Tom Anholt, Two Rooms, 2021, oil on canvas, 59 x 51".

Tom Anholt, Two Rooms, 2021, oil on canvas, 59 x 51".

Copenhagen

Tom Anholt

Galerie Mikael Andersen
Bredgade 63
August 26–October 2, 2021

In “Artificial Light,” Tom Anholt showcases paintings and works on paper exploring the experience of solitude with sensitivity and radiance. The works on canvas are the unquestionable highlight, offering poignant views of pensive characters isolated in their domiciles. (It is not difficult to see where he gleaned his inspiration.) Photographs do no justice to the exquisite finesse with which Anholt paints: the navy-purple depth of his darkness; the shimmering, almost heartbreaking possibility in his fragmented light.

This is well demonstrated in Two Rooms, 2021, which foregrounds a hunched figure sitting at a table in a room shaded in purple, blue, and forest green. They face a large set of windows, where an opalescent full moon, flecked with teal and purple, hangs over a row of plum-colored houses. Pastel light streams in from a second room, where a faraway figure hovers, facial features obscured, hands in pockets. In this series, brightness often correlates with the presence of others—for instance a phone, gleaming with incoming notifications—and yet is eschewed by the painting’s anonymous protagonists, who prefer their peace in the shadows.
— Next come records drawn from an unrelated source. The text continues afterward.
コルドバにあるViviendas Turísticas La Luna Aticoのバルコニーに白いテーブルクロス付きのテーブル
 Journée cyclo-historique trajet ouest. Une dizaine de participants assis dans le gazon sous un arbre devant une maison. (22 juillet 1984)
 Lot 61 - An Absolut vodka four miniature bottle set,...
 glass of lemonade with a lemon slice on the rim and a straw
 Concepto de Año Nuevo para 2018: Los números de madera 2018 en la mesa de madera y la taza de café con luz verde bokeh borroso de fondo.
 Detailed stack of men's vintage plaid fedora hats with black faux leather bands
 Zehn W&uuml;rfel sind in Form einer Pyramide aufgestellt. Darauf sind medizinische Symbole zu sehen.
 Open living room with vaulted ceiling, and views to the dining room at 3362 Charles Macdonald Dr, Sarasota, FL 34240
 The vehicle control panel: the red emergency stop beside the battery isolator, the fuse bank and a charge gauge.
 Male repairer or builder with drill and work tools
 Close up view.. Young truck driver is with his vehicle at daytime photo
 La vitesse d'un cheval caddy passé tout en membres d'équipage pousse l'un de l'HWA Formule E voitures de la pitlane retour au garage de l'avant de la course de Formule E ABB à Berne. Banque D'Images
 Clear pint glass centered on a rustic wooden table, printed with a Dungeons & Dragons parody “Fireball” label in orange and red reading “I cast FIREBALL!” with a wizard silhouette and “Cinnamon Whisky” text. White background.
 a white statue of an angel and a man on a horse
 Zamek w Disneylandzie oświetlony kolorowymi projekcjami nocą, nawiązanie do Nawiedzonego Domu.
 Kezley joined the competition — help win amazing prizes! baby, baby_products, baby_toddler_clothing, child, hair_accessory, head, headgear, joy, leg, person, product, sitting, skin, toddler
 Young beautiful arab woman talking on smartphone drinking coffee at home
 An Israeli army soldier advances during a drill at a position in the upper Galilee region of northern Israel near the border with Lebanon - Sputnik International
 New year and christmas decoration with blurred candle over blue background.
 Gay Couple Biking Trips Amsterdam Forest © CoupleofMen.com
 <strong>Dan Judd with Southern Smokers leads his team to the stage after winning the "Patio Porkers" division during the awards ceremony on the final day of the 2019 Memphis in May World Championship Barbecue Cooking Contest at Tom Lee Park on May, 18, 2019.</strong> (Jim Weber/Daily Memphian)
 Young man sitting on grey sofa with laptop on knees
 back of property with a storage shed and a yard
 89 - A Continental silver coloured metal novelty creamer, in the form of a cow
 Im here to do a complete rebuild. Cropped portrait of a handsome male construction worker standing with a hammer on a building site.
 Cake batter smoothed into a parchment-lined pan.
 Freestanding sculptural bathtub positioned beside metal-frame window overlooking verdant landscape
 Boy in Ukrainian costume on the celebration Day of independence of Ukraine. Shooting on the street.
The British artist’s style—with its deceptive simplicity, quiltlike patterns, and two-dimensional scenery—could almost be called “storybook,” if the characters in storybooks grew up into contemplative grown-ups who gaze, existentially, at faraway skies. It is comforting to see Anholt’s subjects experience isolation as not just a bad thing: It is loneliness, and it is also solitude; it is darkness, and it is also light.